## Source information:
·····

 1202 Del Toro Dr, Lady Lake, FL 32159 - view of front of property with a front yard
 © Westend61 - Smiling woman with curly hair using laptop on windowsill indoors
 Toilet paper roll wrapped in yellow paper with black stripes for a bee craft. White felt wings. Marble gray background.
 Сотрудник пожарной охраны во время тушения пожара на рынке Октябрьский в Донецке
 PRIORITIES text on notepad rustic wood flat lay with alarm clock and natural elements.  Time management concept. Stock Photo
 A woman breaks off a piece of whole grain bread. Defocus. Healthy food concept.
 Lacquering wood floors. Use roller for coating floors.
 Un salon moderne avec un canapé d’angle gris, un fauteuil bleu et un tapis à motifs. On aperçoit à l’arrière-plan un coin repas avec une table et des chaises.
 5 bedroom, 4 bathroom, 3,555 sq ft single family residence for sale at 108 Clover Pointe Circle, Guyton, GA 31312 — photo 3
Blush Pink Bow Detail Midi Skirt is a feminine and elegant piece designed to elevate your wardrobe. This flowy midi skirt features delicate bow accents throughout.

·····

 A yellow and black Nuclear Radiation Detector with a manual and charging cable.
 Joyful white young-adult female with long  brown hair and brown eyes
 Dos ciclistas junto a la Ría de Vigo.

·····

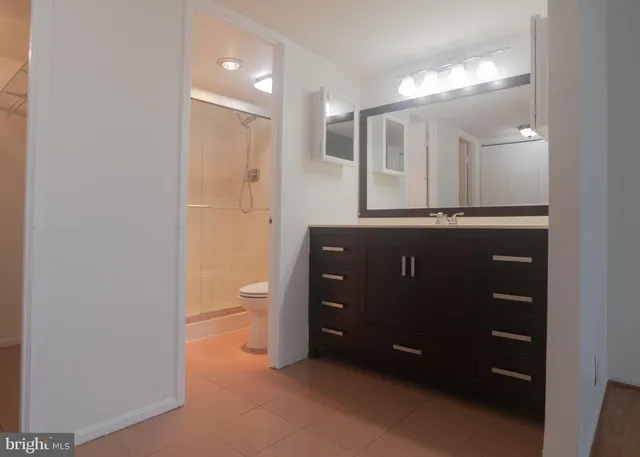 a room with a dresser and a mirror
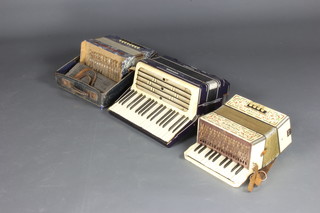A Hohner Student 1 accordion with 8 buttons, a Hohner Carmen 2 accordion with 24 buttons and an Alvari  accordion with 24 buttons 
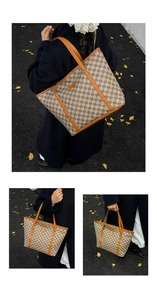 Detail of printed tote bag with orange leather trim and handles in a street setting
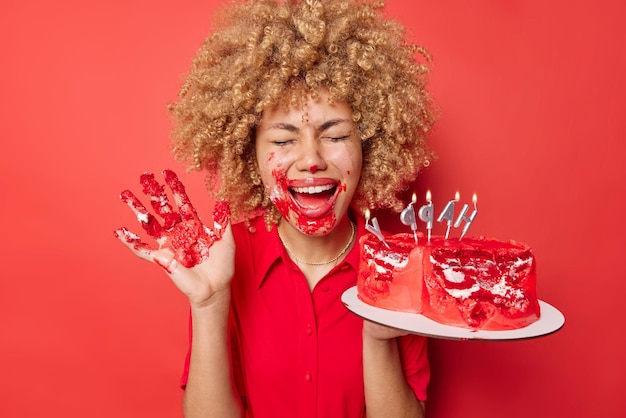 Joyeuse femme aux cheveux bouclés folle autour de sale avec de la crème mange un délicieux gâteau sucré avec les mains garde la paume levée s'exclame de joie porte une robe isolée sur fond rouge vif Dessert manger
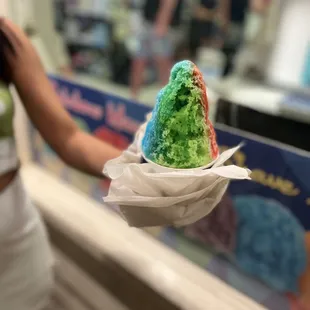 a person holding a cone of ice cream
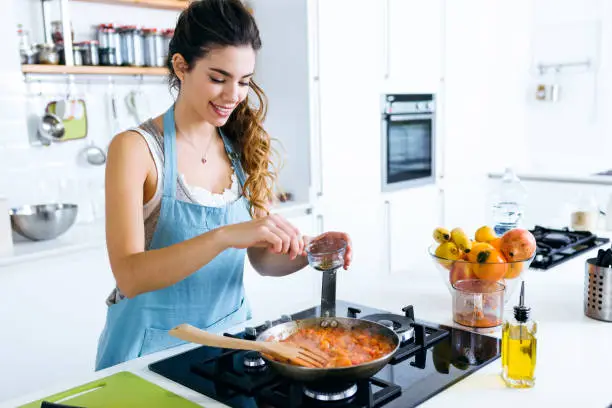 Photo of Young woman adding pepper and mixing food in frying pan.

·····

## Work request:
In the entries above, find the line containing "a room with a dresser and a mirror" and the line containing "Detail of printed", then copy both and every line between them exactly, without any picture.

## Output of the task:
 a room with a dresser and a mirror
A Hohner Student 1 accordion with 8 buttons, a Hohner Carmen 2 accordion with 24 buttons and an Alvari  accordion with 24 buttons 
 Detail of printed tote bag with orange leather trim and handles in a street setting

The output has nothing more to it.